● To do:
Only the lines from the one containing "Serious dog businessman" through the end of the entries are wanted, retyped exactly and without pictures.

● Data for processing:
________________________
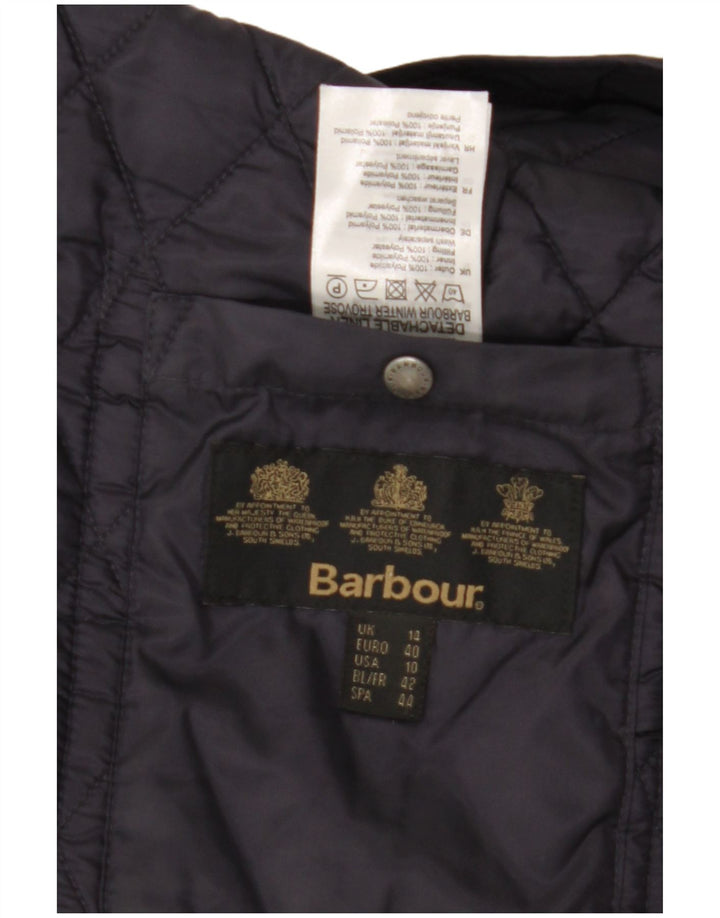 BARBOUR Quiltet jakke til kvinder UK 14 Stor marineblå polyamid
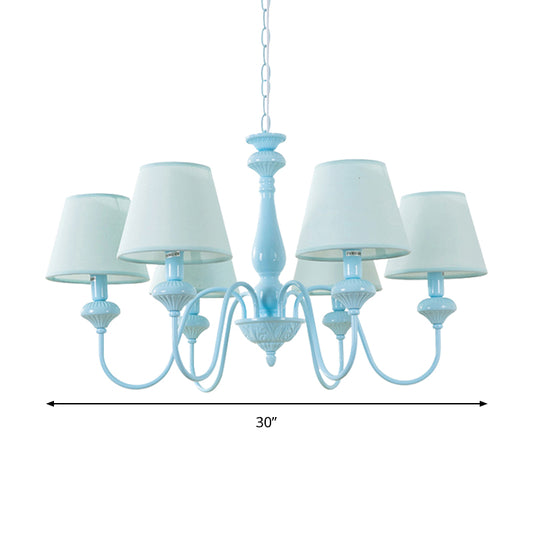 Fabric Tapered Shade Chandelier Modern Style Hanging Light in Blue for Balcony Restaurant Clearhalo 'Ceiling Lights' 'Chandeliers' Lighting' options 186993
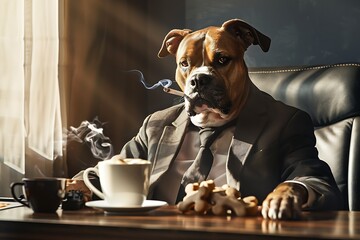 Serious dog businessman in suit smoking and drinking coffee at the table with bones - obrazy, fototapety, plakaty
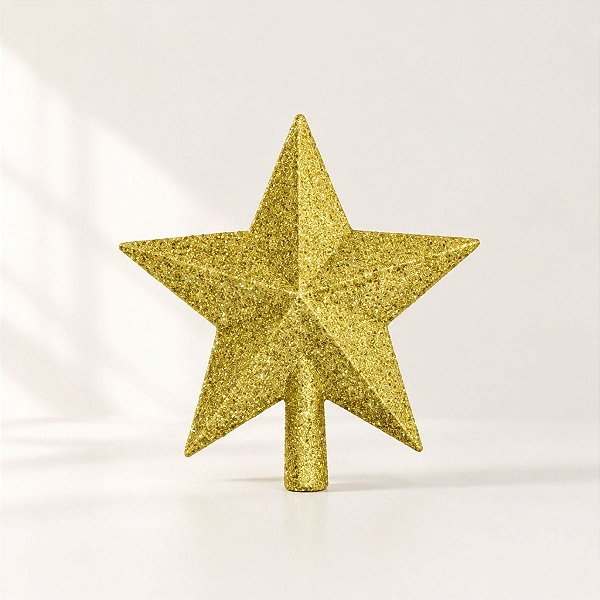 Topo de Árvore Ponteira - Estrela Glitter - Dourada - 20cm - 1 unidade - Rizzo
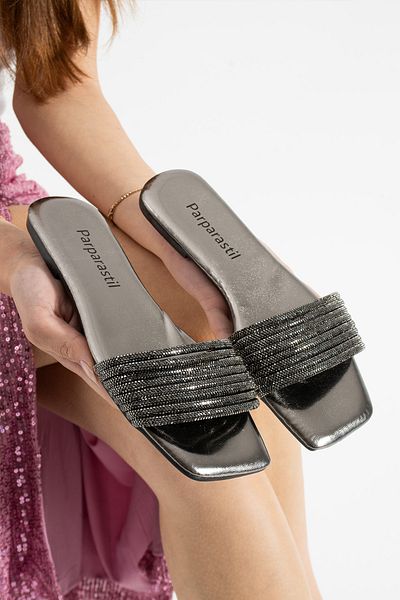 Parparastil Ulky Platinum Stone Detailed Daily Evening Dress Women's Slippers
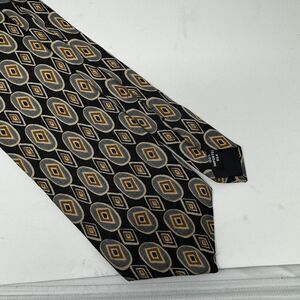 Isaco Men's Tie 100% Silk Circles and Diamonds‎ - No tie stableizer.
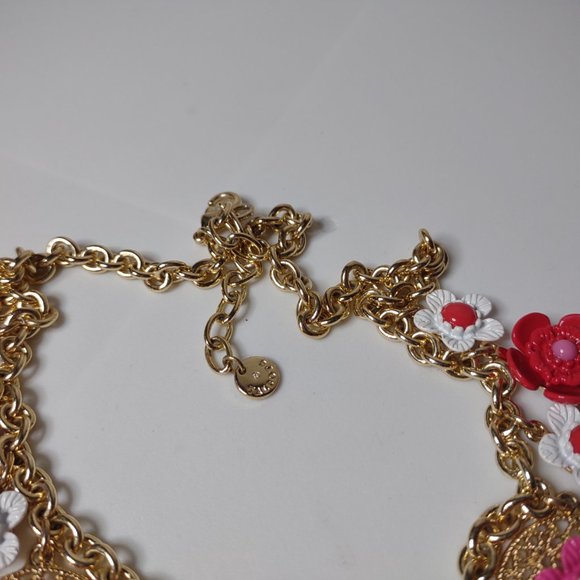 Very Cute Talbots Red, Pink, And White Flower Necklace 21 Inches Long - Picture 11 of 15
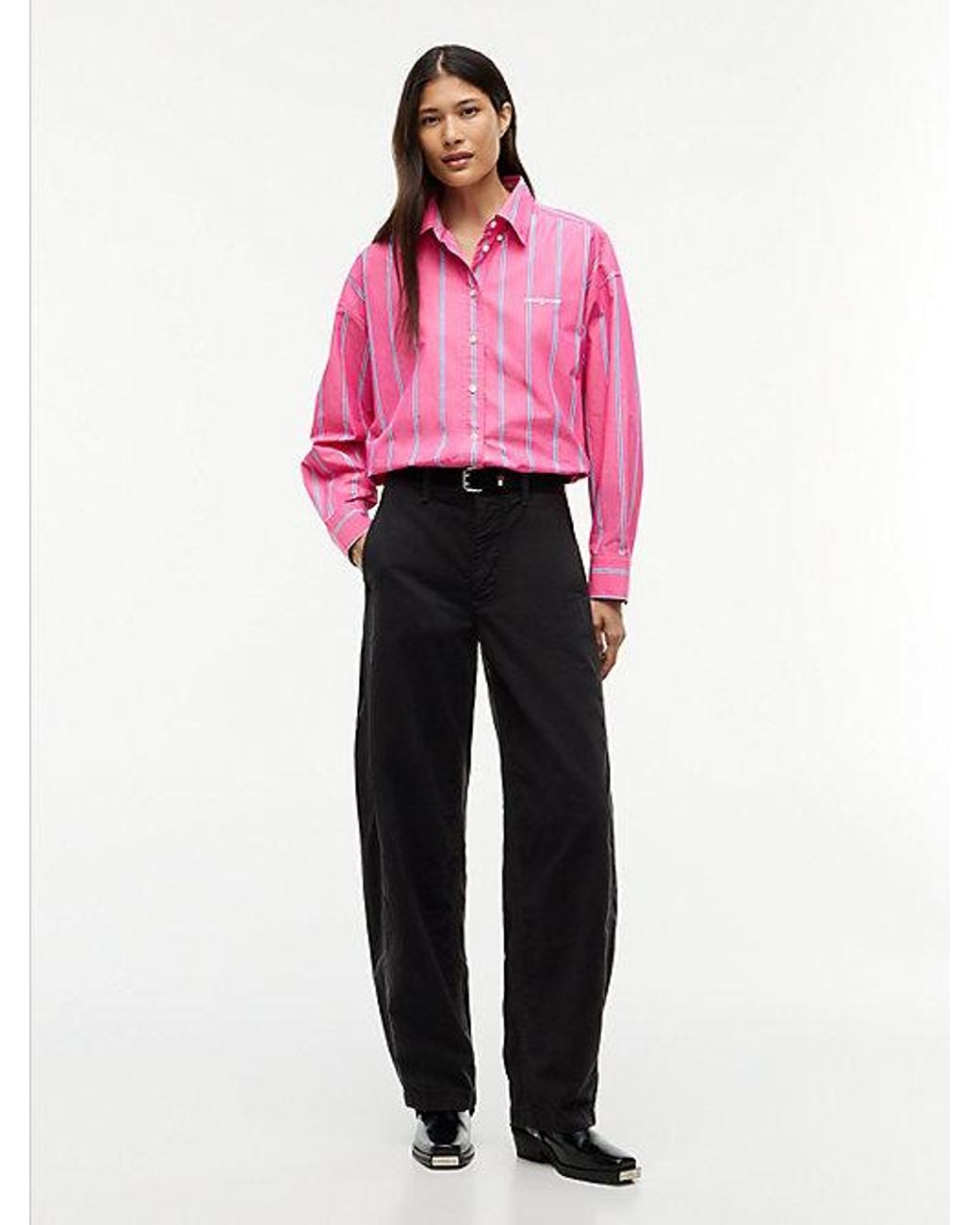 Tommy Hilfiger Black Twill Mid Rise Barrel Trousers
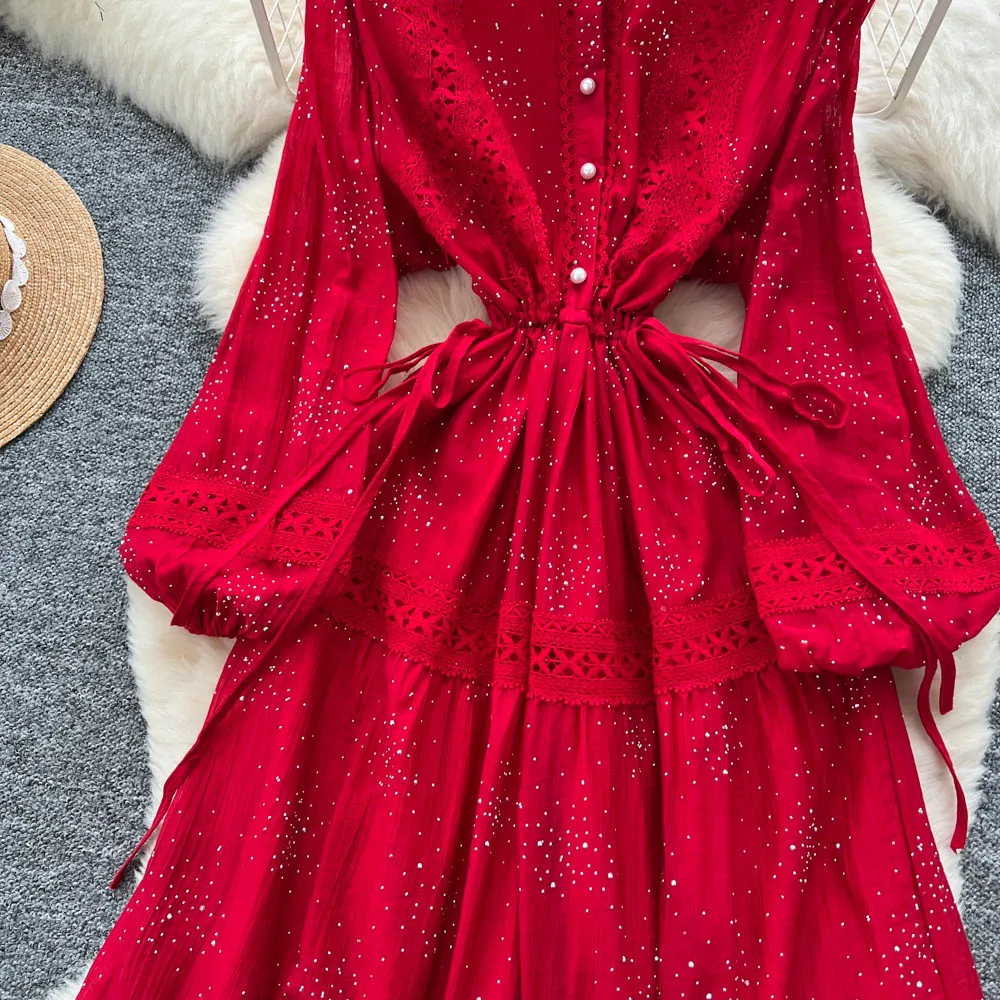 Chic vintage Spliced lace slim Elegant Fairy korean fashion Boho Sundress women clothing Long dress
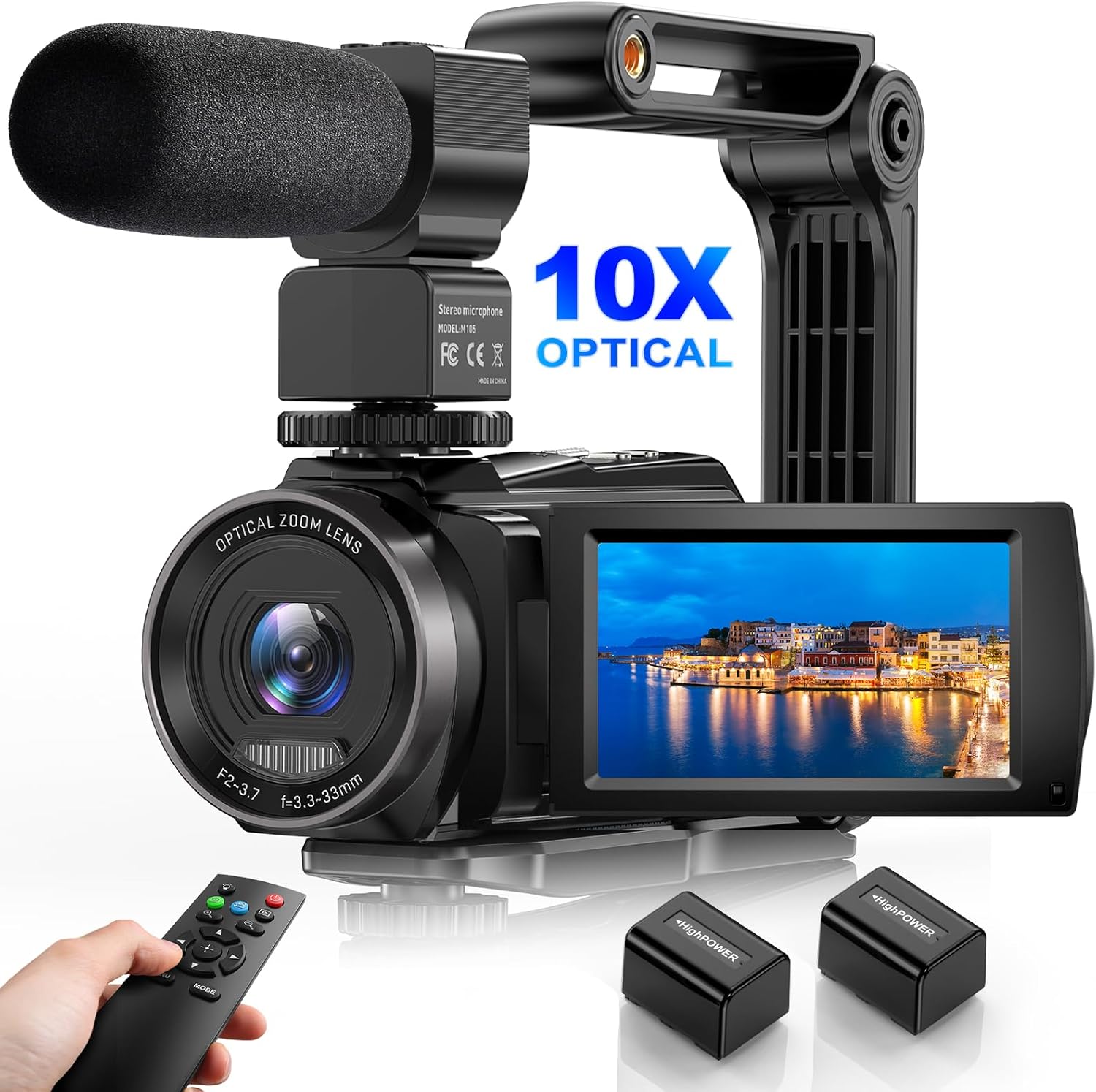 5K Video Camera Camcorder, 10X Optical Zoom 48MP U...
________________________
● Task result:
 Serious dog businessman in suit smoking and drinking coffee at the table with bones - obrazy, fototapety, plakaty
 Topo de Árvore Ponteira - Estrela Glitter - Dourada - 20cm - 1 unidade - Rizzo
 Parparastil Ulky Platinum Stone Detailed Daily Evening Dress Women's Slippers
 Isaco Men's Tie 100% Silk Circles and Diamonds‎ - No tie stableizer.
 Very Cute Talbots Red, Pink, And White Flower Necklace 21 Inches Long - Picture 11 of 15
 Tommy Hilfiger Black Twill Mid Rise Barrel Trousers
 Chic vintage Spliced lace slim Elegant Fairy korean fashion Boho Sundress women clothing Long dress
 5K Video Camera Camcorder, 10X Optical Zoom 48MP U...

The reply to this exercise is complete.